Stocks denominated in foreign currencies account for 18% of the holdings in foreign securities, bonds denominated in foreign currencies account for 74%, and foreign bills account for 7%. Holding and purchasing foreign exchange was difficult for German investors during our sample period. Some foreign securities were still available to them. These were mainly securities of issuers located in countries that were allied with Germany during the First World War (e.g., the countries that were part of the Austro-Hungarian Empire and the Ottoman Empire).
If we exclude stocks purchased in equity issues, the average buy-sell imbalance for stocks decreases from 0.18 to 0.05.
The inverse hyperbolic sine is an alternative to a log-transformation when a variable takes on zero or negative values. In robustness tests shown in Table IA1 in the Internet Appendix, we rerun our main analysis using raw inflation, the natural logarithm of inflation (setting months with negative inflation to zero), and inflation deciles. Our findings remain qualitatively unchanged.
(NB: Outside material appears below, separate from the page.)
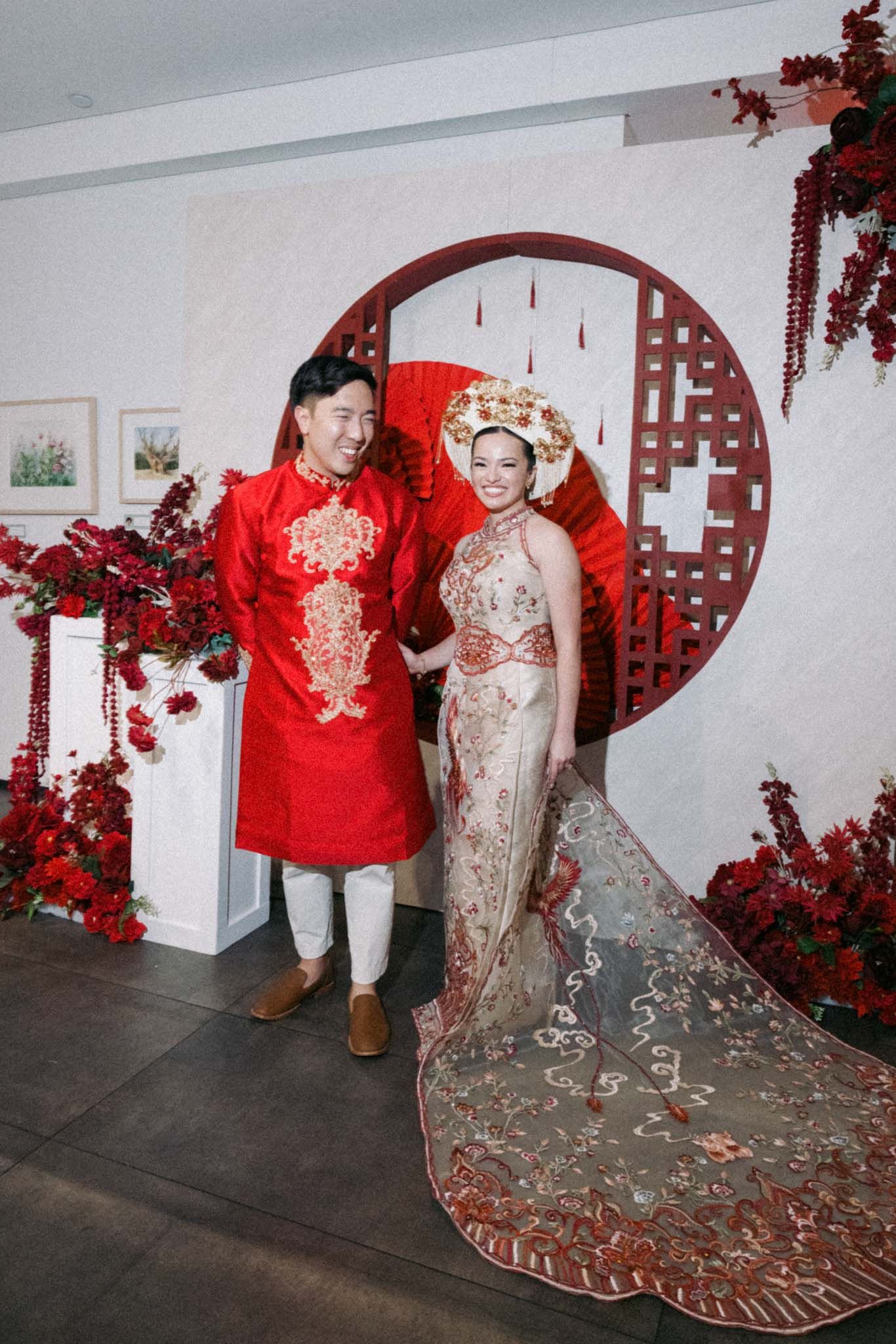 A couple in traditional Asian wedding attire poses in front of a red circular backdrop with cherry blossom decorations.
The German Statistical Office provides data on the population of towns in 1919. Data on monthly local unemployment come from the German Employment Agency (Reichsamt für Arbeitsvermittlung) and the German Department of Labor. The German Department of Labor also provides information on the number of employees working in the paper industry in 1921. Finally, the German Central Bank reports the locations of its branches in its annual reports.
At the end of 1923, more than 300 paper mills worked continuously to produce bank notes (Braun 1990, p. 39). In an additional test, we run instrumental variables regressions in which we use the local availability of raw paper, proxied by the fraction of local employees working in the paper industry, as an instrument for local inflation.
We also estimate our main regressions using the spatial correction proposed by Conley (1999), with different thresholds (25 km, 50 km, 75 km, 100 km, 125 km, and 150 km). Results remain virtually unchanged.
In Figure IA9 in the Internet Appendix, we show the monthly number of applicants per 100 open positions in Germany between January 1920 and December 1924. These data come from the German Statistical Office. Unemployment only started to rise toward the end of 1922, providing evidence that the Germany economy did well in the first part of our sample period.
In robustness tests reported in Table IA1 in the Internet Appendix, we replicate our main analysis using alternative measures for local inflation and individual investors’ trading response as well as an extended sample. The details of these tests are described in Internet Appendix C. Across all specifications we find a negative and statistically significant relation between local inflation and investors’ demand for stocks.
In 1923, Germany’s neighboring countries were Austria, Belgium, Czechoslovakia, Denmark, France, the Free City of Danzig, Lithuania, Netherlands, Poland, Switzerland, and the Territory of the Saar Basin (Saargebiet). Germany had not only the highest inflation rate among its neighbors but also the highest inflation rate in the world (e.g., Hanke and Krus 2013).
We also investigate whether the documented effect is different for clients typically considered having sticky wages, such as civil servants and retirees. Hedging motives might be more pronounced when wages are stickier. However, we do not find evidence that our results differ for these investor types.
In theory, investors could also buy bonds to protect against inflation. For instance, short-term bonds can provide a hedge against inflation if interest rates adjust quickly to changes in inflation. In Table IA5 in the Internet Appendix, we replicate Table 9 separately for short-term German government bonds and all other bonds, which tend to be longer term. We find most coefficient estimates to be positive. The results are statistically stronger for longer-term bonds than for short-term bonds.